Battles of the Broken (Sons of Templar MC 6) - Page 81

It had shattered my whole world.

But in Amber, it barely made a ripple.

Mom and Dad had friends, of course. But the circle was small, and though they were respected by people who knew them in the community, they also kept to themselves. When David died, they pretty much folded in on themselves, shut everyone out and moved out of Amber within months.

And when I came back, the few friends I’d had from high school had moved on. A couple of people recognized me, maybe in passing, enough to screw their noses up trying to figure out where they knew me from. Some gave me a smile and a nod. Very few actually talked to me.

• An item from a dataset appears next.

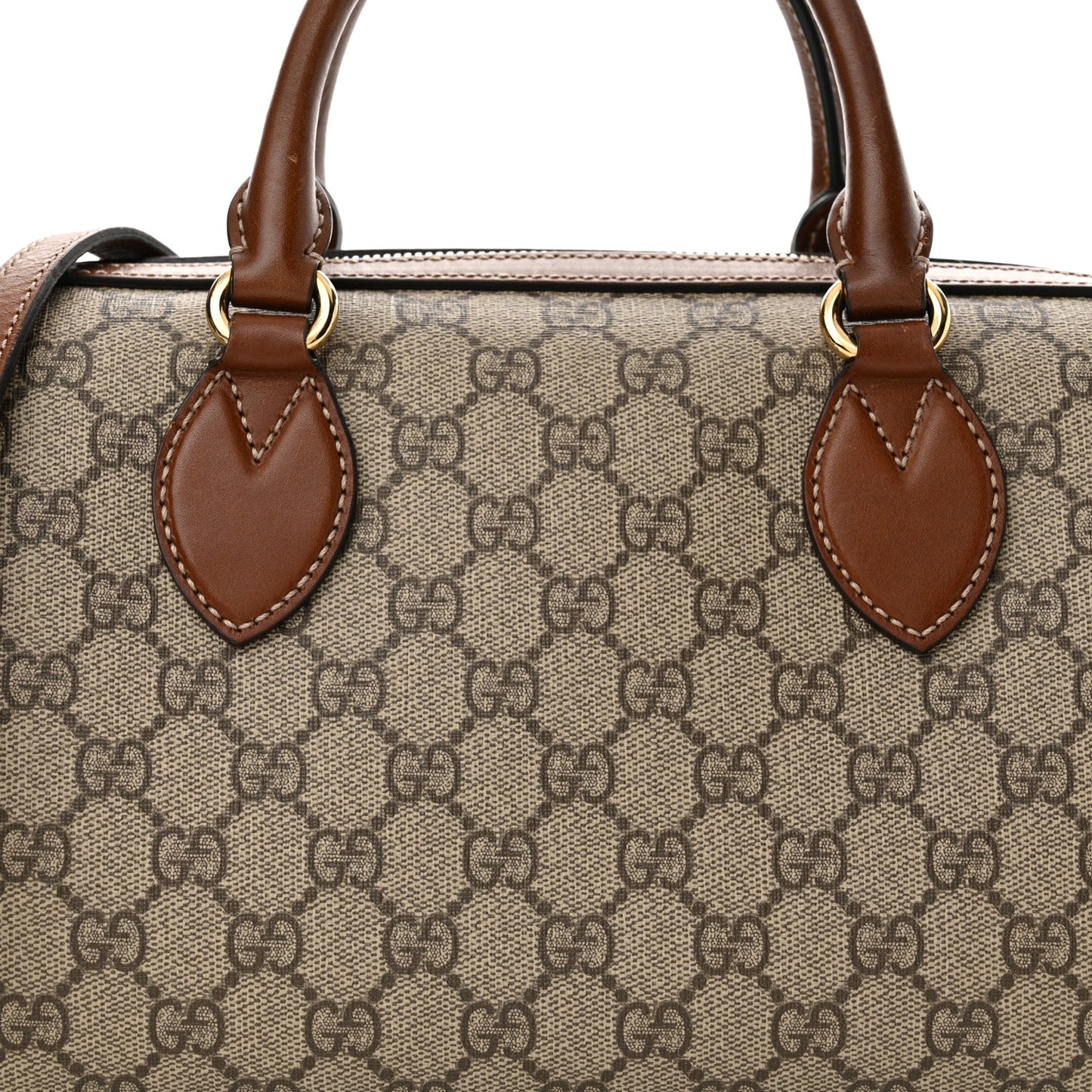 GG Supreme Monogram Cuoio Toscano Small Boston Beige Ebony Cuir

I could count on one hand the number of people who had not only talked to me, but expressed their condolences for David’s death.

And I’d barely spoken through the shards of glass in my throat when they did so. I usually nodded, garbled out a “thanks,” and escaped as soon as it was socially acceptable.

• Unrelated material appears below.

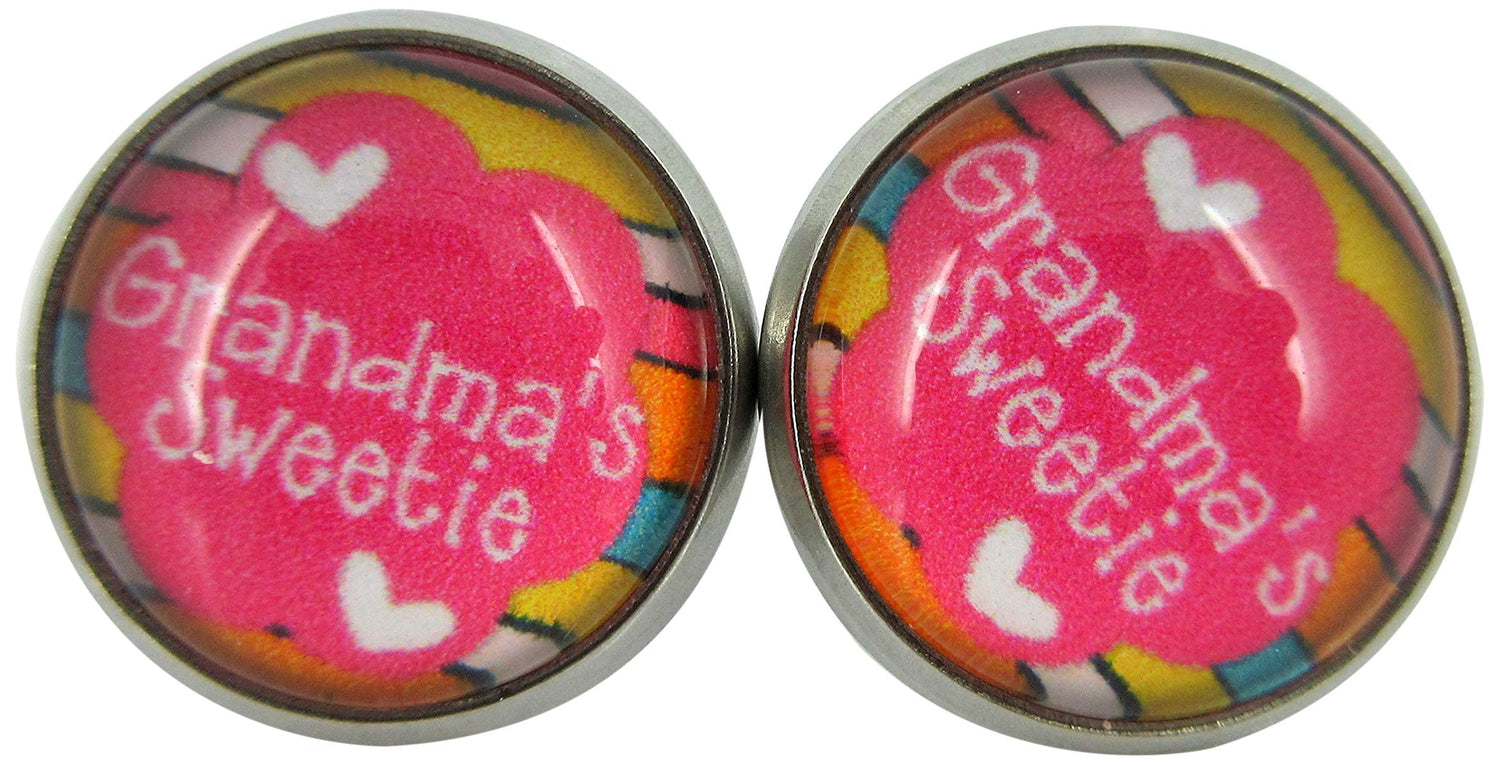 Stainless Steel Grandma's Sweetie Print Glass Stud Earrings 12mm Pink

But those people had already known.

I hadn’t had to lay it out for anyone. Because I didn’t have friends, people I opened up to over cocktails, made bad decisions with. I had my grandmother, and she made enough bad decisions, so when we were together, I forced her to make some good ones.

But she already knew.

And she knew my policy on talking about it—which was not at all. Apart from her most recent visit, when she’d opened up her pain and my own. Even then, I’d never actually spoken the words.

And when people asked me if I had siblings, I’d shake my head and then escape the conversation. There wasn’t a single photo of him inside my apartment. There were other things in the room I hid from everyone, the room meant to be a broom closet, but instead of brooms it held chopped-up pieces of my insides.

But no photos on display. On the rare occasion someone came into my apartment, photos would raise questions.

It was like I’d erased him, my brother, the other piece of me, right off the face of the earth. Outwardly, at least. I might not have said his name in nine years, but I thought it. Every single day. Didn’t look at a picture of his face in around the same amount of time, but I didn’t need to. It was seared into my brain.

So I was surprised that the first time I’d ever uttered the words cementing his death into the air, my voice was so foreign.

So cold.

Maybe because it was me realizing that not saying he was dead out loud didn’t keep him alive somehow. I’d known it all along, but it was the final nail in the coffin.

I hadn’t expected Gage to react.

He was Gage.

But he flinched.

Visibly flinched at my words.

Maybe it was the tone.

Maybe it was the one thing I’d been waiting for. That he knew the pure absence of emotion in my voice showed him just how much hurt was shattering my bones at that moment. And that he cared. That my pain hurt him.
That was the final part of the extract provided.